Let Y be a n-dimensional vector of independent observations with unknown mean f^0 := E Y. We consider the estimator f_D that solves the ``analysis problem” min_f {|| Y - f ||_2^2/ n + 2 lambda || D f ||_1 } , where D is a given , m times n matrix and lambda>0 is a tuning parameter. An example for the matrix D is the (first order) difference operator (Df )*i= f*{i}- f_{i-1} , \ i \in [2:n] in which case || Df ||_1 = TV(f) is the (first order) total variation of the vector f. Other examples include higher order discrete derivatives, total variation on graphs and total variation in higher dimensions. Our aim is to show that the estimator f_D is adaptive.

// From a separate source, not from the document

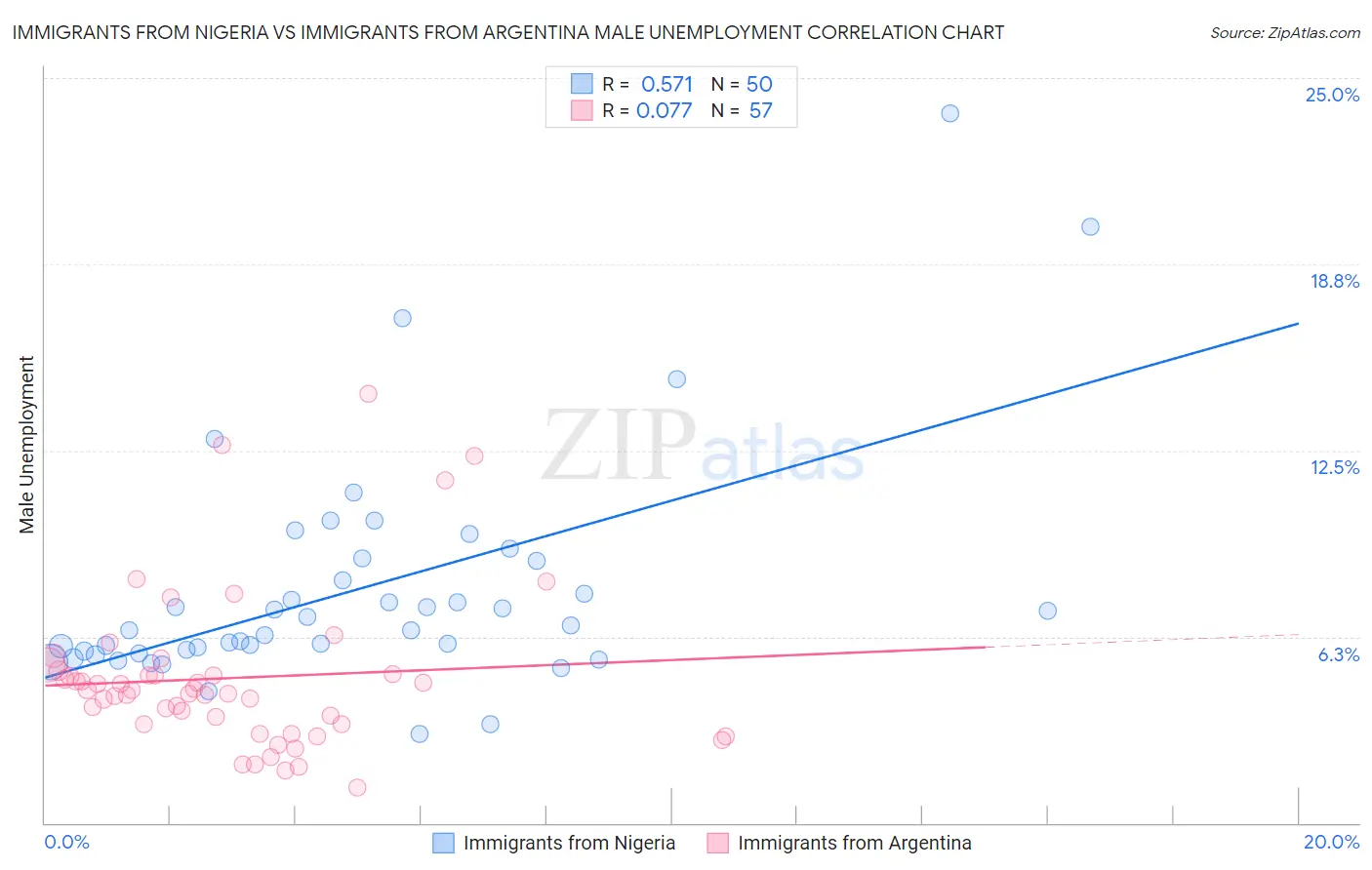 Immigrants from Nigeria vs Immigrants from Argentina Male Unemployment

For example, when f^0 is a piecewise linear function, we show that the analysis estimator f_D, with D the second order differences operator, adapts to the number of kinks of f^0. As is the case with the Lasso, the theory for the analysis estimator f_D requires a form of “restricted eigenvalue” condition. We will show that this can be established using interpolating vectors. We will illustrate this (with drawings) for the various examples.

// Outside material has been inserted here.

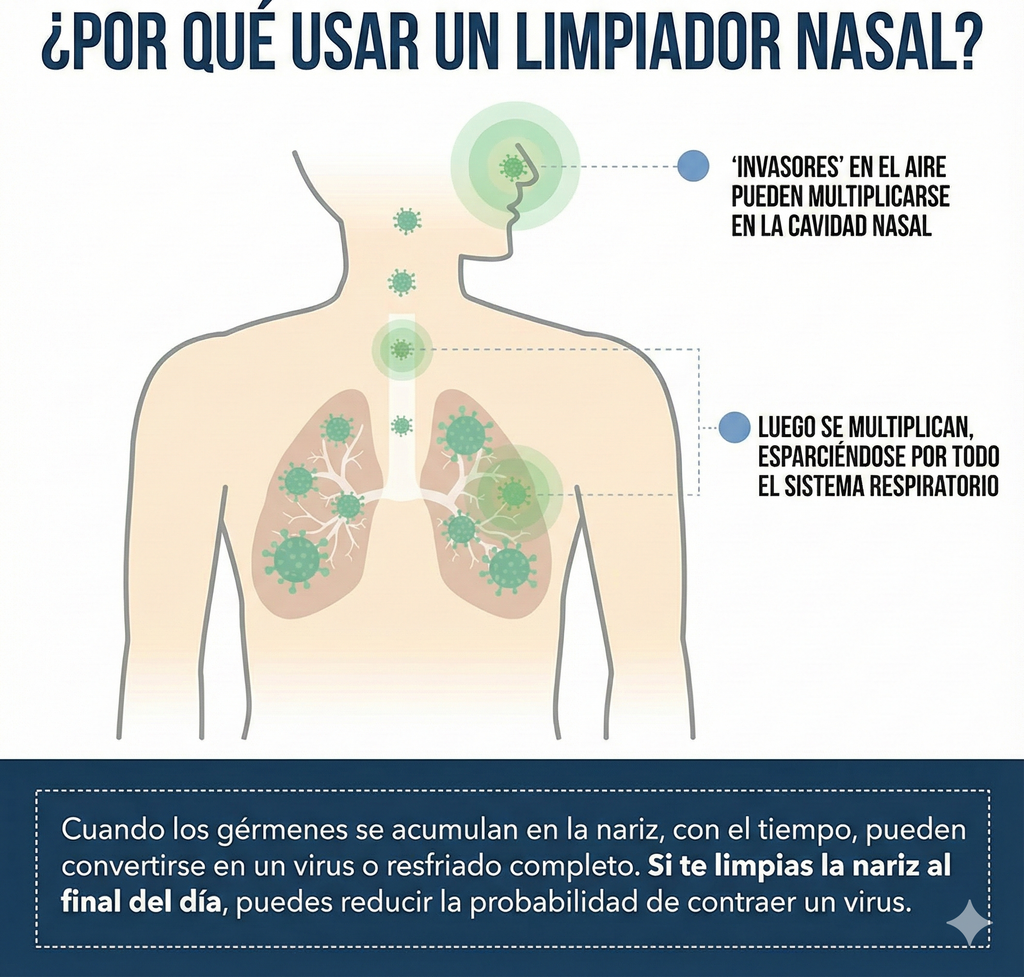 Nasomin Spray - Limpiador antiséptico con yodo para desinfectar tu nariz de gérmenes (Más de 150 usos por botella)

#### Emmanuel Candes: Reliable predictions? Equitable treatment? Some recent progress in predictive inference

Recent progress in machine learning (ML) provides us with many potentially effective tools to learn from datasets of ever increasing sizes and make useful predictions. How do we know that these tools can be trusted in critical and high-sensitivity systems? If a learning algorithm predicts the GPA of a prospective college applicant, what guarantees do I have concerning the accuracy of this prediction? How do we know that it is not biased against certain groups of applicants? This talk introduces statistical ideas to ensure that the learned models satisfy some crucial properties, especially reliability and fairness (in the sense that the models need to apply to individuals in an equitable manner). To achieve these important objectives, we shall not ‘open up the black box’ and try understanding its underpinnings. Rather we discuss broad methodologies — conformal inference, quantile regression, the Jackknife+ — that can be wrapped around any black box as to produce results that can be trusted and are equitable.

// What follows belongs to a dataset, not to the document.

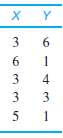 For the following scores,
a. Find the regression equation for predicting
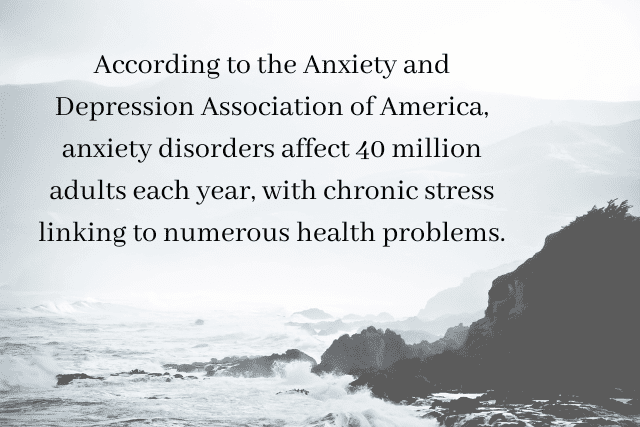 Text about anxiety disorders prevalence, affecting 40 million adults annually, with chronic stress linked to health issues. Background shows a misty coastal landscape.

#### Francis Bach: On the effectiveness of Richardson Extrapolation in Machine Learning

Richardson extrapolation is a classical technique from numerical analysis that can improve the approximation error of an estimation method by combining linearly several estimates obtained from different values of one of its hyperparameters, without the need to know in details the inner structure of the original estimation method. The main goal of this presentation is to study when Richardson extrapolation can be used within machine learning. We identify two situations where Richardson interpolation can be useful: (1) when the hyperparameter is the number of iterations of an existing iterative optimization algorithm, with applications to averaged gradient descent and Frank-Wolfe algorithms, and (2) when it is a regularization parameter, with applications to Nesterov smoothing techniques for minimizing non-smooth functions and ridge regression. In all these cases, I will show that extrapolation techniques come with no significant loss in performance, but with sometimes strong gains.